Wherein it is possible to the two dimensional image that left camera is gathered is as benchmark image, the X-Y scheme that right camera is gathered As being used as movement images, naturally it is also possible to, the two dimensional image that right camera is gathered gathers left camera as benchmark image Two dimensional image be used as movement images.The Stereo matching processing of 3-D view is carried out for movement images and benchmark image afterwards.
Specifically, first against movement images, traversal needs to carry out the central pixel point of Stereo matching, and imago in this Fixed size (W x H) window is set up around vegetarian refreshments, as shown in Figure 7a, is stood as the central pixel point and benchmark image Minimum of computation unit when body is matched.For the pixel center point of selected movement images, corresponding window is mapped in same Y and sat On target benchmark image, as shown in Figure 7b.Order traversal from left to right with the benchmark image of Y-axis window center pixel, With SAD (absolute value of Sum of Absolute Difference respective pixels difference) algorithms or SSD (Sum of Squared The quadratic sum of Difference respective pixels difference) algorithm carries out difference cost (value) and calculated, and corresponding result of calculation is preserved, such as scheme Shown in 7c.When SAD or SSD is calculated, minimum window center pixel will be selected as this with movement images difference cost The match point of pixel center point, (x is sat the displacement difference between the selected pixel center point and the match point of benchmark image of movement images The difference of mark) it is minimum parallax d ' as shown in Figure 7 c, its corresponding depth information is then the benchmark image in 3-D view The respective distances of pixel center point.By traveling through all pixels central point in movement images, by obtain benchmark image each Parallax value corresponding to pixel.
Step S313:Using the parallax value corresponding to each pixel of the benchmark image as the anaglyph pair The gray value of pixel is answered to generate the anaglyph of the scene to be measured.

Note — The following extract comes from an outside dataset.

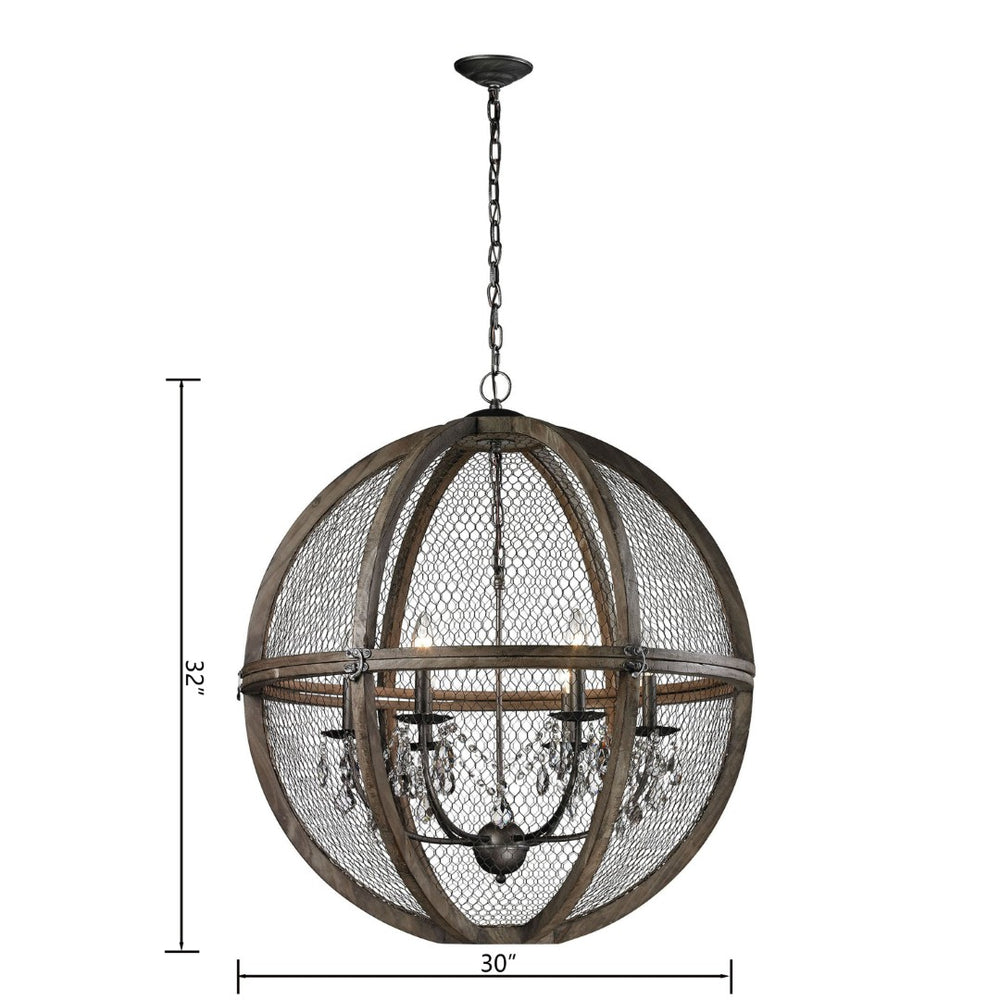 Atlas Renaissance Invention 3-Light Chandelier - Rustic Elegance with Crystal Accents for Modern Spaces Weathered Zinc 30'' CL11311-BN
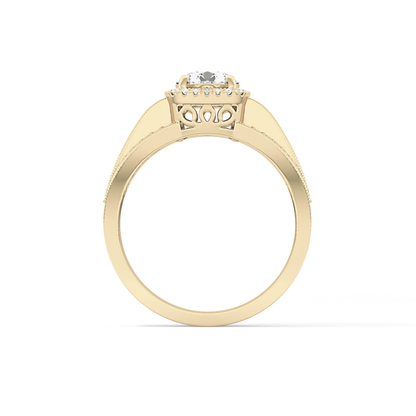 Round Halo & Triple Pave Lab Grown Diamond Engagement Ring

Specifically, by traveling through all pixels central point in movement images, it is identical with benchmark image by size is calculated Three-dimensional image, i.e. anaglyph.Parallax value corresponding to each pixel of benchmark image, then will save as 3 D stereo The gray value of each pixel of image.
Further, on the basis of above-mentioned example embodiment, step S370 determine each candidate region whether be After barrier region, as shown in figure 8, the obstacle detection method that the disclosure is provided can also comprise the following steps:
Step 810:If it is determined that there is barrier region, then according to corresponding with barrier region each in the anaglyph The parallax value of individual pixel, calculates the depth value of each pixel of the barrier region;
If it should be noted that in step S370, it is determined that some candidate region is barrier region, then can utilize (d is parallax value to formula Z=B*f/d, and B is the distance between two cameras of binocular camera, and f is that cam lens are burnt Away from), it is known quantity according to the parallax value of each corresponding pixel of the barrier region provided in anaglyph, i.e. d, calculates The Z values of the depth value of each pixel of barrier region, i.e. each pixel.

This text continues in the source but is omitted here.